Profile
Blog
Photos
Videos
It's fair to say that I spent a lot of today on my back.
I awoke sporadically through the night, usual when I don't want to oversleep. Properly awake at 0500 so give up trying. Go for a walk at 0600 and buy some suncream, then a quick walk around, the sun rising, the air fresh. Check out, at 0640, the sun now up - extremely hot already. Reach the port. 'Boarding begins at 0715' proclaims a sign, and since that is 25 mintues away I go for a walk, past restaurants to the end of a pier, looking across at some high hills.
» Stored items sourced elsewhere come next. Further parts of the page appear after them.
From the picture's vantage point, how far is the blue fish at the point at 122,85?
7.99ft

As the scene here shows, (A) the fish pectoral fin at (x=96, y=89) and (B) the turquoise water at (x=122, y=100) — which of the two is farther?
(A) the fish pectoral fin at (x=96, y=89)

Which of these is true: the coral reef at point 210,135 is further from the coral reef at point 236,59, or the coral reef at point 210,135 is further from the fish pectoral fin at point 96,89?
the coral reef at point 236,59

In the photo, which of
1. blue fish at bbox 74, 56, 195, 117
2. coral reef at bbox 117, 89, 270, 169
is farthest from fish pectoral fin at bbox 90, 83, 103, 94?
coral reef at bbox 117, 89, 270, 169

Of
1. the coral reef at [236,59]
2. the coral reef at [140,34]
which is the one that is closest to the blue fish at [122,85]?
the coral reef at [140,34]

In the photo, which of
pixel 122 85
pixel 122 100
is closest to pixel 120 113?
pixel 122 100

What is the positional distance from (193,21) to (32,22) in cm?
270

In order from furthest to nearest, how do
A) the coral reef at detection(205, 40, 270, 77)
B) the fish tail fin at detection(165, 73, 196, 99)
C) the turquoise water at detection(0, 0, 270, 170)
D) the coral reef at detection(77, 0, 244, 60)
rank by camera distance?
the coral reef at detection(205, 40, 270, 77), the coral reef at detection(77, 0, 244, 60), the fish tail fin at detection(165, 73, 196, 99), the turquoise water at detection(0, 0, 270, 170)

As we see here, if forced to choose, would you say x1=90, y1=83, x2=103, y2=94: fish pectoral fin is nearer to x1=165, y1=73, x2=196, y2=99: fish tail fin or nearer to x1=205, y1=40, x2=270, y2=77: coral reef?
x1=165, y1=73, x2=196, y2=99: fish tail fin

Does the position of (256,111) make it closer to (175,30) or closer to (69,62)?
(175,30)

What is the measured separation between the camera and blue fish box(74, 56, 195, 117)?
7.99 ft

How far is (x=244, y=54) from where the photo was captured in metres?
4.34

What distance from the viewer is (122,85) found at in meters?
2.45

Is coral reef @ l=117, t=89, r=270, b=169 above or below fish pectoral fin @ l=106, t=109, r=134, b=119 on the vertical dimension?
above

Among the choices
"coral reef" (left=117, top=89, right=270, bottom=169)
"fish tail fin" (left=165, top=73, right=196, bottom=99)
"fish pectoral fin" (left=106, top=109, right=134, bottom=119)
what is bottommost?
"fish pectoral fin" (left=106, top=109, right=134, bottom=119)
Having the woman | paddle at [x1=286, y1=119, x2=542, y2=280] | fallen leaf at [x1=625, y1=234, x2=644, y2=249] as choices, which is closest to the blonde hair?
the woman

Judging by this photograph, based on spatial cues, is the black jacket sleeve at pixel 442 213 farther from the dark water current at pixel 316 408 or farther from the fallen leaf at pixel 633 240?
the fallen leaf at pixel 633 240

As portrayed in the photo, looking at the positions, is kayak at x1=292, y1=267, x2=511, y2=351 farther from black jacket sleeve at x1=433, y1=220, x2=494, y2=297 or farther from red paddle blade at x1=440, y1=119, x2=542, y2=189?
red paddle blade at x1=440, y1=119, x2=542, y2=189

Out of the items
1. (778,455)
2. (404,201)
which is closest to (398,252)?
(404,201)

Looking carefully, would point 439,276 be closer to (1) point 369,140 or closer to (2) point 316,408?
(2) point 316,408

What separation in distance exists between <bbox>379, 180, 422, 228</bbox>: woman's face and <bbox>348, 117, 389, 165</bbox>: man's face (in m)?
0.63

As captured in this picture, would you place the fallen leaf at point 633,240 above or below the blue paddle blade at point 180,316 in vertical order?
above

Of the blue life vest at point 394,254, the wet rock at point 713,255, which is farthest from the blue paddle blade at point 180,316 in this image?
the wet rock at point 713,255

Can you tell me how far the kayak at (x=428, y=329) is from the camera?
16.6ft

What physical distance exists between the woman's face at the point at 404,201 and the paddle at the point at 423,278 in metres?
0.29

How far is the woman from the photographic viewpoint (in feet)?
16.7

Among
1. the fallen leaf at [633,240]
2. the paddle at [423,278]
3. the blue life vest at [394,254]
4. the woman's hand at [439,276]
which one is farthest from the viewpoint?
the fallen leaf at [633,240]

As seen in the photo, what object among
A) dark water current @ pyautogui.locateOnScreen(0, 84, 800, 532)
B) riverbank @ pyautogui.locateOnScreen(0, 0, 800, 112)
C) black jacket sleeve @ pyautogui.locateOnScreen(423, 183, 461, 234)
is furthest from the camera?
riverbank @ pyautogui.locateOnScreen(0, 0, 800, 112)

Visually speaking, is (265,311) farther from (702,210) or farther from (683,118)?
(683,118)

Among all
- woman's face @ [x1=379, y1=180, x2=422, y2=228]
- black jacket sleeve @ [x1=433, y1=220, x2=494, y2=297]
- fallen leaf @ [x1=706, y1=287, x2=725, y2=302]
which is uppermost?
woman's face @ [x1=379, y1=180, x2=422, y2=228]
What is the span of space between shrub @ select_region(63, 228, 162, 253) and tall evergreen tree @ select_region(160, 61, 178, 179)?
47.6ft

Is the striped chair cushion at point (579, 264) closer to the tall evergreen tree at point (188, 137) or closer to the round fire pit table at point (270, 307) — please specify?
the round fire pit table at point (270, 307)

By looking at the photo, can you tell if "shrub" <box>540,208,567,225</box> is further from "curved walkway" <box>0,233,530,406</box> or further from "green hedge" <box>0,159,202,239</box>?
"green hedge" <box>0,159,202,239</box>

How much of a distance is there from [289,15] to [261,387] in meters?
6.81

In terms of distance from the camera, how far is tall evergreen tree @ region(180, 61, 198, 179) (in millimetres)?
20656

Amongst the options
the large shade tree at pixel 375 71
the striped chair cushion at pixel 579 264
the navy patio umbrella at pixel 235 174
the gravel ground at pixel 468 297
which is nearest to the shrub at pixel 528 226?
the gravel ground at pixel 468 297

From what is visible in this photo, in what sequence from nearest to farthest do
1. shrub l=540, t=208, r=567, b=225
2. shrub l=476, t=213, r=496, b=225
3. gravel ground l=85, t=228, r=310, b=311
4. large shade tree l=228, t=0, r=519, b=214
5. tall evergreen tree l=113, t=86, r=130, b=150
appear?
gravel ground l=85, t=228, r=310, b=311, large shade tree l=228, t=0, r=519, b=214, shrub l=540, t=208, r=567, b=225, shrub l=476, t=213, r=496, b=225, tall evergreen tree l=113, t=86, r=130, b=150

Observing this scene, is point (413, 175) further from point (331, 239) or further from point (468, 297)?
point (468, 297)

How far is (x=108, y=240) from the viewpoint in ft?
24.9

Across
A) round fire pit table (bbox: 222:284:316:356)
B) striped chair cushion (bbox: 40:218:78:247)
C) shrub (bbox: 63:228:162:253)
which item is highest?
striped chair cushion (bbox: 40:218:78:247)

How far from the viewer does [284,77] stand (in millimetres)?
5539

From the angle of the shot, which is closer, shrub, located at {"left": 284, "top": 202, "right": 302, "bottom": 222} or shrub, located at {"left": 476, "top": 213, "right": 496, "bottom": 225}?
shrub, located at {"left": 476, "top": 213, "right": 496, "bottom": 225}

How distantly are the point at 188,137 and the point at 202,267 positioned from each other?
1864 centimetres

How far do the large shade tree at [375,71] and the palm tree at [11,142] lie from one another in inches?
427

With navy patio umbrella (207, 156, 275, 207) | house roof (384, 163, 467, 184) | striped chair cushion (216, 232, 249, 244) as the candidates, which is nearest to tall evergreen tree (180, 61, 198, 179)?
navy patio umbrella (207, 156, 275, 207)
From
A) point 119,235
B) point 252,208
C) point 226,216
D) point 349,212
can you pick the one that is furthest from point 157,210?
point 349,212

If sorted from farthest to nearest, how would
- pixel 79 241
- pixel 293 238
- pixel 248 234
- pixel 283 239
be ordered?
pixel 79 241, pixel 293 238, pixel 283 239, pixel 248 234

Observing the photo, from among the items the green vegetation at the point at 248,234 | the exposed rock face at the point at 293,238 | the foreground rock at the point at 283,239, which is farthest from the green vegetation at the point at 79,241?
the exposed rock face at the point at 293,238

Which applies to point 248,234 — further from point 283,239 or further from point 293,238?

Check in, pay $10 for wetsuit hire and eat the supplied bacon and egg roll (which would later turn out to be a bad idea - I should have known, as I don't like egg.) The boat departs and all is dandy, a beautiful view as we pull out of Cairns, gushing waves in the slipstream of the boat - a little Catamaran - and even see a couple of dolphins jumping out of the water. Then queasiness sets in, so I lie down, clutching my camera, and shut my eyes. Bearable. We slow as we arrive at the boat-swap, and move to the boat which will be home for 24 hours. Our baggage is passed over and after a few minutes we are shipped round, on a little dinghy with a small motor, to board the vessel. After a brief introduction we are shown to our dorms. I'm in a room with two girls, and although I'm offered another room I stay, more sociable. Down some steep steps to Room 101 - is this ominous? - will I end up wanting to put this experience into my own personal Room 101?
Then, at 1030, our first adventure: donning the watersuit for the first time. Feeling a little like James Herriot on his first trip to see Angus Grier, I descend to the jumping in area. We have to sign out and in every time so they always know where people are at a given time. Pulling flippers and snorkel on, I sink into the sea and begin to examine the Great Barrier Reef!
It is bizarre and wondrous simultaneously, fish and coral living together, colours changing by the second. Some corals throbbing, others huge and alien like, the fish flitting between them - large, small, long, short. One moevs past, a lovely turquoise and blue, another similar but more of a real purple. What look like Zebra fish, some yellow and black ones. You can swim yourself around, or you can relax and let the current take you where it will. Time has no meaning here, nor should it - I have no idea how long I was out but it was probably 45 minutes. All thoughts of queasiness have passed.
Back on the ship, however, they soon return, and as I sat down for lunch at 1200 I gave in. I can only hope that the old adage 'what goes up must come down' isn't reversed again. Lunch, a lovely pasta, improves the feeling slightly. Then, before you knew it, I was being briefed for the introductory scuba dive - free though essentially pointless if you didn't go down afterwards. Once here though, there is little point in not doing it! So, after a little panic where I couldn't blow the water out of the mouthpiece, I and the others in the group - four Norwegians - were ready to go.
It was a singular experience, sinking deeper and deeper to see the coral further down, yet still alive. Touched one of the moving corals, picked up by the guide. We see a Moray Eel! Long, quite tall and thin, hiding in amongst the coral low down. Fantastic! Quite rare to see, apparently. After one wobble, everything is fine and by the end, just under half an hour later, it is quite relaxed and moving nicely. Apparently at one point I kicked the mask off the guy behind! Then, slowly, with our vests inflated again by the guide, we are above water. A wonderful experience.
Now the boat moves, so I lie down on the sofa 'downstairs' in the main cabin and shut my eyes, feeling a little delicate. 1530: a new location, a different coral, more snorkelling - different this time, the coral much closer to the surface, and I sometimes fewl as if I am falling into it. Followed some heavily blue fish around for a while. Seem to get cold quicker this time, exit at 1620 then shower before retiring again to the sofa. Drift in and out of consciousness (this is particularly bad sea sickness I suspect) as the boat rocks. I couldn't have been a private radio DJ.
Dinner - curry - then out onto the deck watching some little sharks swimming around, the biggests perhaps two and a half feet in length. Others go for a night dive ($85) but I don't, instead eavesdropping on a lesson going on about the ins and outs of decompression. Four dives a day maximum, don't get drunk the night before. At depth of 18m, the maximum time underwater is 50 minutes - at 39m it is just five. This is all to do with the amount of Nitrogen being taken into the body. This is why they stop 5m below the surface before surfacing - to breathe and remove the nitrogen from your system and get more oxygen back in. The deeper you go, the higher the pressure is and the more nitrogen goes into the body. Not good - feeling queasy again! Talk about suffering for an experience. Makes a Whitsundays trip look a little unlikely.